### EXERCISE REQUIREMENTS
Nothing is needed except the lines below that run from the one with "Sea Level Retreat Mid Bikini Bottom" through the one with "Large Print Auping", repeated exactly.

### LISTED RECORDS
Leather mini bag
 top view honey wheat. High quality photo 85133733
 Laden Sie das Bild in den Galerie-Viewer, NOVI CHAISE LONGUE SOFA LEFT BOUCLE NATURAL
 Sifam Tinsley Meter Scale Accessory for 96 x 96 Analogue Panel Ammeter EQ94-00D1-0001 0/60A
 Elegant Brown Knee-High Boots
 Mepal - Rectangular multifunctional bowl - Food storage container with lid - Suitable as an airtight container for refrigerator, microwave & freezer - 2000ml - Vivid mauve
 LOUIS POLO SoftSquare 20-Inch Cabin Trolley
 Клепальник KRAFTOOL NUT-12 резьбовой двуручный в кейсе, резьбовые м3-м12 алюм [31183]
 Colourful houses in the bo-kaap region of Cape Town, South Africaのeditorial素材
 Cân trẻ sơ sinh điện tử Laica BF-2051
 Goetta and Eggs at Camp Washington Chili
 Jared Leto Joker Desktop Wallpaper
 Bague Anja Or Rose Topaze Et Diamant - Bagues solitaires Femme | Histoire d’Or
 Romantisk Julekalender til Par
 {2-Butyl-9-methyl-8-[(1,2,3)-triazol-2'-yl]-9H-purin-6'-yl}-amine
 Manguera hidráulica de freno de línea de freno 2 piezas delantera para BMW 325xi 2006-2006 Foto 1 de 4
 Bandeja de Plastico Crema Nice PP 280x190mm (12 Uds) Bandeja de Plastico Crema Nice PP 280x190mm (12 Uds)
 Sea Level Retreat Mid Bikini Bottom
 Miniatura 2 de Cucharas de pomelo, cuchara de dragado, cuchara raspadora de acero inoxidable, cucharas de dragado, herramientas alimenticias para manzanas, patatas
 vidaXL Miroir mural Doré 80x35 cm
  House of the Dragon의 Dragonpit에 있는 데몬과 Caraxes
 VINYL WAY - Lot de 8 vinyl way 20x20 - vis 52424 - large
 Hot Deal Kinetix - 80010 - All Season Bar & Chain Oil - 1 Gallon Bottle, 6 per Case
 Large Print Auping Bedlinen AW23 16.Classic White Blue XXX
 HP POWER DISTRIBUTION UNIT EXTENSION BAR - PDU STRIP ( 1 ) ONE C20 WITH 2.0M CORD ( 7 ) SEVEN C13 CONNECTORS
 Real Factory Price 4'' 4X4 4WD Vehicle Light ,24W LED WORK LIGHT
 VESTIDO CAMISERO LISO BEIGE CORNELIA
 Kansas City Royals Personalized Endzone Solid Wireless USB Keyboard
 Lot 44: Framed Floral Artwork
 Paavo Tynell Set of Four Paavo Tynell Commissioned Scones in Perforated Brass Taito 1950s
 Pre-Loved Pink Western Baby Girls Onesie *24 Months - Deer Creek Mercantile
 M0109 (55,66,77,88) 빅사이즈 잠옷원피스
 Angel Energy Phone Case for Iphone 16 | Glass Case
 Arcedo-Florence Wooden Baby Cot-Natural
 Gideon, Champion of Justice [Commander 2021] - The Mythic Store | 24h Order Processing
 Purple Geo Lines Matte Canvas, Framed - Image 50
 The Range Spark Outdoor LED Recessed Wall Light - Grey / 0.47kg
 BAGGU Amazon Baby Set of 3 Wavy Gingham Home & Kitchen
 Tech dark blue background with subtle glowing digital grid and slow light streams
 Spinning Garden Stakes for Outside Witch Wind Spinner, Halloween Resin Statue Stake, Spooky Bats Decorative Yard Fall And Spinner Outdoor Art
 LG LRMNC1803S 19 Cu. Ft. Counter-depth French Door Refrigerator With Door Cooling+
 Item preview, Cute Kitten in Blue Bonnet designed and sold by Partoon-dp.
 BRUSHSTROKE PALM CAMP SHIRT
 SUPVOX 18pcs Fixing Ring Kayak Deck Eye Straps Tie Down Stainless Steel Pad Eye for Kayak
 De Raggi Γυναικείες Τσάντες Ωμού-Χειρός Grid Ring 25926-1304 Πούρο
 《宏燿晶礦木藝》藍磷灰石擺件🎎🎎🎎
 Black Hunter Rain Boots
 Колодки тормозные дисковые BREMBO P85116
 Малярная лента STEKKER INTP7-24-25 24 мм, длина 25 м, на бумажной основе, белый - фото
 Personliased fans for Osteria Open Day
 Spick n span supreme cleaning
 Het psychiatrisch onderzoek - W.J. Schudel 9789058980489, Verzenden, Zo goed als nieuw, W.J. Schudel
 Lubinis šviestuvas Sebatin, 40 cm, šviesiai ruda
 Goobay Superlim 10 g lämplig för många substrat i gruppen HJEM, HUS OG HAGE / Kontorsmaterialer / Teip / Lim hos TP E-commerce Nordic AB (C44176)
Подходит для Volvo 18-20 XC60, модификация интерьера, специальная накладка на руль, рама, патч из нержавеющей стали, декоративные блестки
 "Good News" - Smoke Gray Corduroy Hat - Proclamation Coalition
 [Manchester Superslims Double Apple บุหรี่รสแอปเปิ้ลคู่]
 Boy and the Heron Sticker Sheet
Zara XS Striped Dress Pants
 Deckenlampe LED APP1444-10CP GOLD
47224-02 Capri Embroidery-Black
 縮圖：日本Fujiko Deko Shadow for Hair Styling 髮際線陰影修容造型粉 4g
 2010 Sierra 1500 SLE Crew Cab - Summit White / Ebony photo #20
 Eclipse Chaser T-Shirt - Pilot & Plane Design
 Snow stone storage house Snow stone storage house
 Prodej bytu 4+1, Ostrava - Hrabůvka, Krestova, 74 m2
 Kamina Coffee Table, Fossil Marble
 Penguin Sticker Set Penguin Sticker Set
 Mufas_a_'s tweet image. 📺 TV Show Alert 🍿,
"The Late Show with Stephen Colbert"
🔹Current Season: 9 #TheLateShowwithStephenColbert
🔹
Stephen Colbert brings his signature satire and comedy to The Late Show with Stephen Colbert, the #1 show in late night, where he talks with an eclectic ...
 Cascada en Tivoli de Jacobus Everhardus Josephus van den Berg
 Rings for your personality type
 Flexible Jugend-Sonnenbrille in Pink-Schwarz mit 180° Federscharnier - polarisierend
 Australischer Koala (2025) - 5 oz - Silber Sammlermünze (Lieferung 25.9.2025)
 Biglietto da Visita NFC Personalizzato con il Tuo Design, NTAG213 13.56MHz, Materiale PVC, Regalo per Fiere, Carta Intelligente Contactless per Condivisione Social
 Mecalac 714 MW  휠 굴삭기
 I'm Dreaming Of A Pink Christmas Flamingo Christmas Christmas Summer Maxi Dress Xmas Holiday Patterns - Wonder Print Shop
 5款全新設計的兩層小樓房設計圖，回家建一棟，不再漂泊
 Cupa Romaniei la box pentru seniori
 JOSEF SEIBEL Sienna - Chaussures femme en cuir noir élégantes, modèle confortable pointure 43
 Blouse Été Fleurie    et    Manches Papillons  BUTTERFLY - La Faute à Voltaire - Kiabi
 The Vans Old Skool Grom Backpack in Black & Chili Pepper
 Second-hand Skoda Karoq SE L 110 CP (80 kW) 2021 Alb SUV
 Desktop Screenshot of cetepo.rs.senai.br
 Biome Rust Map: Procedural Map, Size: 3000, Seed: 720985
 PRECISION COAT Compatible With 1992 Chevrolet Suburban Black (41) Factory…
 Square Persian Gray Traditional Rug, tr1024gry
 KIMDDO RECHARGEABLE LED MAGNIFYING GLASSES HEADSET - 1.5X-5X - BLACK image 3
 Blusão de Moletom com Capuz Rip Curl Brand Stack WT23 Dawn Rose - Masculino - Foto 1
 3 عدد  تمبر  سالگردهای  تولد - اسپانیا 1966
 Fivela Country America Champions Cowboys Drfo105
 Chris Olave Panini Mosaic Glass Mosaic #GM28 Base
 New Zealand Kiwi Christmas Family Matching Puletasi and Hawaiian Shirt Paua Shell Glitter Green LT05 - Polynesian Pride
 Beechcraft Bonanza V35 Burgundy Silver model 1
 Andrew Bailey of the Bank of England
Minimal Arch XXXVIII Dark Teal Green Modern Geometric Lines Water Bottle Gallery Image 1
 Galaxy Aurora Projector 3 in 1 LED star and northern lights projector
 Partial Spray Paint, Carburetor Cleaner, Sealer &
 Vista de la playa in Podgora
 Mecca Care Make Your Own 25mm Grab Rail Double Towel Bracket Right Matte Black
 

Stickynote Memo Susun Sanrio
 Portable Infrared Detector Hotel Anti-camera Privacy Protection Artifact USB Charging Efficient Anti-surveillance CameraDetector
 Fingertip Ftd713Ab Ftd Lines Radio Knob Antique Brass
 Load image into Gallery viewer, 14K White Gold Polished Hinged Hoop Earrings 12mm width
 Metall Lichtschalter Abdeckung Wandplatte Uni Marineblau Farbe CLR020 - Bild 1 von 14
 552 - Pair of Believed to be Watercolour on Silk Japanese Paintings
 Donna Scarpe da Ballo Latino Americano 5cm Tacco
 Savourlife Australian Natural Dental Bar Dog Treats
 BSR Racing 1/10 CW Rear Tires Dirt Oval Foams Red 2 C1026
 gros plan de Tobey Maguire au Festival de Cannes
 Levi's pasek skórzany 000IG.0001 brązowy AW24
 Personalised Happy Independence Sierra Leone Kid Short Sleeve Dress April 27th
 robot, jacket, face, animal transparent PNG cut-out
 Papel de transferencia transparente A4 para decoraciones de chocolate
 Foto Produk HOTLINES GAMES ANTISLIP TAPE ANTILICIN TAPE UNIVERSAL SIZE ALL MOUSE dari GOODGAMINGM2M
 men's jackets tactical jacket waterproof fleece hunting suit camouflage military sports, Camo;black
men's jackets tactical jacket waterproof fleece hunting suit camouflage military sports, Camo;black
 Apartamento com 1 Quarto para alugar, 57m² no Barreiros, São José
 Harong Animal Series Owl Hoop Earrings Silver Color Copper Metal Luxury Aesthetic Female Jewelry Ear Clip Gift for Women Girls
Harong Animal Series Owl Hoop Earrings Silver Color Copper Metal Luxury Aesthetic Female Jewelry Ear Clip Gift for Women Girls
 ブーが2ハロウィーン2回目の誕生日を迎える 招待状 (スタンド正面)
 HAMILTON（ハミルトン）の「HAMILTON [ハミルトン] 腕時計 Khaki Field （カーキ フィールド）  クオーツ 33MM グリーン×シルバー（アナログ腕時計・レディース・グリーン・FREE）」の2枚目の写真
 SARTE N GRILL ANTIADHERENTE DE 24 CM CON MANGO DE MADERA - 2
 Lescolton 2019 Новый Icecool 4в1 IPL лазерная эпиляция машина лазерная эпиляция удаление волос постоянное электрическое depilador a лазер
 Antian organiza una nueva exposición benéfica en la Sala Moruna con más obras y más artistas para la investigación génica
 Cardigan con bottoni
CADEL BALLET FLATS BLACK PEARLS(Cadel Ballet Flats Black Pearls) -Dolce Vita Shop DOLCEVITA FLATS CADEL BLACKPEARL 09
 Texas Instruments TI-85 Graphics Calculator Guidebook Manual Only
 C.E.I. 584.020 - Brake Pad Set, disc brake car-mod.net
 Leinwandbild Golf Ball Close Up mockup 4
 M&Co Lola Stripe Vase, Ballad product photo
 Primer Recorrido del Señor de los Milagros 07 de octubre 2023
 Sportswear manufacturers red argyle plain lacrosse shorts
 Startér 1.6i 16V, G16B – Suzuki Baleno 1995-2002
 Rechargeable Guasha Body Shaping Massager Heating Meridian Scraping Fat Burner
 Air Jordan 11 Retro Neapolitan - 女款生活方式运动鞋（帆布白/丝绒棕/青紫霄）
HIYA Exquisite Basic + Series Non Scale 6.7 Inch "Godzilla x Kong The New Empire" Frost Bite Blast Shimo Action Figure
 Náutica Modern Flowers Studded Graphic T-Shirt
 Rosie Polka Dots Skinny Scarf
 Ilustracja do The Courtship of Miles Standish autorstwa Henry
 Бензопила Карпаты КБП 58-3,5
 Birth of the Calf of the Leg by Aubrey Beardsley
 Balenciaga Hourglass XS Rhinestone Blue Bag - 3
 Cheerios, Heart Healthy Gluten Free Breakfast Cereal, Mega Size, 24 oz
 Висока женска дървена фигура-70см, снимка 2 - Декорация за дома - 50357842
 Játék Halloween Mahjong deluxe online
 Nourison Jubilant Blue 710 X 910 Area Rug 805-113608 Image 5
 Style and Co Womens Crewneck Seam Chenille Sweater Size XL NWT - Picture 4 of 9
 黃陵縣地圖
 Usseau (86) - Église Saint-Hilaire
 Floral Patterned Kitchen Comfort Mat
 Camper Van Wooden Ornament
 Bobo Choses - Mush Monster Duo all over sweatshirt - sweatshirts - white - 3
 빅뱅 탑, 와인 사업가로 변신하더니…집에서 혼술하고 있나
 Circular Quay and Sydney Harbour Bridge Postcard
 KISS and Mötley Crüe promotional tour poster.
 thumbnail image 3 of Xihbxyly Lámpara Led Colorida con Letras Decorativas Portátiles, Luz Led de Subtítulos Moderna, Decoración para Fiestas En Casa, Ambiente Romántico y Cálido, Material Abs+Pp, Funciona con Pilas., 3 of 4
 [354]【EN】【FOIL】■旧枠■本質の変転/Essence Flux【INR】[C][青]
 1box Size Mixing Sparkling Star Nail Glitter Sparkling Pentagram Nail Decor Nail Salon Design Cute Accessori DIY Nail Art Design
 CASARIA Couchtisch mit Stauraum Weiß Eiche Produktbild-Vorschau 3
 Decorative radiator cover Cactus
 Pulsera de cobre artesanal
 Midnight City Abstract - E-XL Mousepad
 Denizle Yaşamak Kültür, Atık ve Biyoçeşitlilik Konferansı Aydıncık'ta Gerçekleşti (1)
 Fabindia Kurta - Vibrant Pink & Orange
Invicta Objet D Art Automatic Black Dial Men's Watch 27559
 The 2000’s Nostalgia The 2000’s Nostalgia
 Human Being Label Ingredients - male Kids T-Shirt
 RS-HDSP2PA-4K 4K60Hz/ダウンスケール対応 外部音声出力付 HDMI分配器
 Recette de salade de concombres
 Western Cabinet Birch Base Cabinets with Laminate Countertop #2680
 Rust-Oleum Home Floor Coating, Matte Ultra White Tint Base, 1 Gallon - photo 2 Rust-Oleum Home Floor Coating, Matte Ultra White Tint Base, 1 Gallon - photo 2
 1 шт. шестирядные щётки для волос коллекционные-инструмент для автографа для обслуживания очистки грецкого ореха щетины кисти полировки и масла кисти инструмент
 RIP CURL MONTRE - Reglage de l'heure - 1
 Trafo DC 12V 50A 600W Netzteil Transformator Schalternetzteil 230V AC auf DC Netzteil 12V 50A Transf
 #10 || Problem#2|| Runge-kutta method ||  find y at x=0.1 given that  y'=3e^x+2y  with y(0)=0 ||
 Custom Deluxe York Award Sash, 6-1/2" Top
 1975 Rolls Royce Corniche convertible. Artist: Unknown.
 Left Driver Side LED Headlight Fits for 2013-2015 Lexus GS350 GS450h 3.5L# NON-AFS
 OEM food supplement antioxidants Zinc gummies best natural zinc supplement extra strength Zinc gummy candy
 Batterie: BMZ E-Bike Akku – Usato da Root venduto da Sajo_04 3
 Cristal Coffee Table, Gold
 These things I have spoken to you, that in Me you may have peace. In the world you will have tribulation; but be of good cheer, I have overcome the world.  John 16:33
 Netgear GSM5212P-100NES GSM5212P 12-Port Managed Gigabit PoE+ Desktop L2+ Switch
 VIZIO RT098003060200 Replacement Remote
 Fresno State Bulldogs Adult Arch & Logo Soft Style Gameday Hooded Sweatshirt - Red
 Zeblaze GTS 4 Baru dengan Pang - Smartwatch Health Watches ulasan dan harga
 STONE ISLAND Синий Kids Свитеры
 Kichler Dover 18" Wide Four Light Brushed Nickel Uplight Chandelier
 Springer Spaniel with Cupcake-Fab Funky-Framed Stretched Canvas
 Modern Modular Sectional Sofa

### SOLVED PROBLEM
 Sea Level Retreat Mid Bikini Bottom
 Miniatura 2 de Cucharas de pomelo, cuchara de dragado, cuchara raspadora de acero inoxidable, cucharas de dragado, herramientas alimenticias para manzanas, patatas
 vidaXL Miroir mural Doré 80x35 cm
  House of the Dragon의 Dragonpit에 있는 데몬과 Caraxes
 VINYL WAY - Lot de 8 vinyl way 20x20 - vis 52424 - large
 Hot Deal Kinetix - 80010 - All Season Bar & Chain Oil - 1 Gallon Bottle, 6 per Case
 Large Print Auping Bedlinen AW23 16.Classic White Blue XXX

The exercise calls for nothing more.